8. Organic Frozen Dinners
A few years ago scientists made some noise by reporting that BPA, a common additive in plastics, appears to be dangerous at levels much lower than previously believed. Since BPA levels are particularly high in polycarbonate plastic, people started tossing their baby bottles and Nalgene containers in an attempt to avoid the dastardly chemical. We’ve got news. BPA is in almost all plastics. In fact, several studies in the past few years have found BPA leaching from plastics that specifically claim to be BPA-free. But this isn’t even the big point here. Plastics are loaded with so many freaky chemical additives that it’s just a matter of time before the next nasty, formerly-declared-safe compound is discovered. The truth is there’s no such thing as a nutritionally safe plastic. On the other hand, plastics are lightweight, don’t shatter like glass does, and require considerably less fuel to transport than metal containers. Arguably, they’re a necessary poison. But that doesn’t mean the poisons they contain have to concentrate in your body. The three things that most induce leaching of chemicals from a plastic food container are heat, the presence of liquid or fat in the food, and a long contact time of the food with the container. Think about that the next time you fire up them Amy’s enchiladas.

9. Butter-Like Spreads
Wow, margarine without those wretched trans-fatty hydrogenated oils. Sounds great until you realize these Frankenbutters are simply refined seed and soy oils blended with palm oil—and you know how we feel about processed oils. All this processing gimmickry came about so that people could avoid eating a bona fide health food, butter. Chuck this stuff and buy yourself some organic butter or, better yet, raw butter from a local farm.
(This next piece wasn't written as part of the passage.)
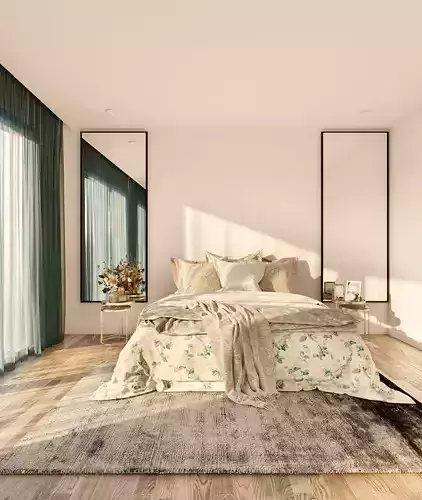bedroom modern with wooden floors and mirror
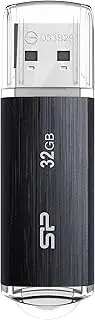 Silicon Power 32GB USB 3.0 Flash Drive with Black Hairline Finish and Strap Hole, USB 3.2 Gen 1 Thumb Drive Pen Drive Memory Stick, Blaze B02 Series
You’ll be doing yourself and a farmer a favor.

10. Energy Bars
The granddaddy of garbage “health” foods. The ode to fake nutrition and devitalized food. The golden goose of the manufacturing and processing industries. It’s the energy bar, a seeming experiment to combine all the worst elements of the modern food supply under a single wrapper. Soy isolate, sugar, synthetic vitamins, various creepy “natural” food fractions, and the occasional refined grain. If there’s a better way to jack the chemistry of your body, it’s surely not as convenient.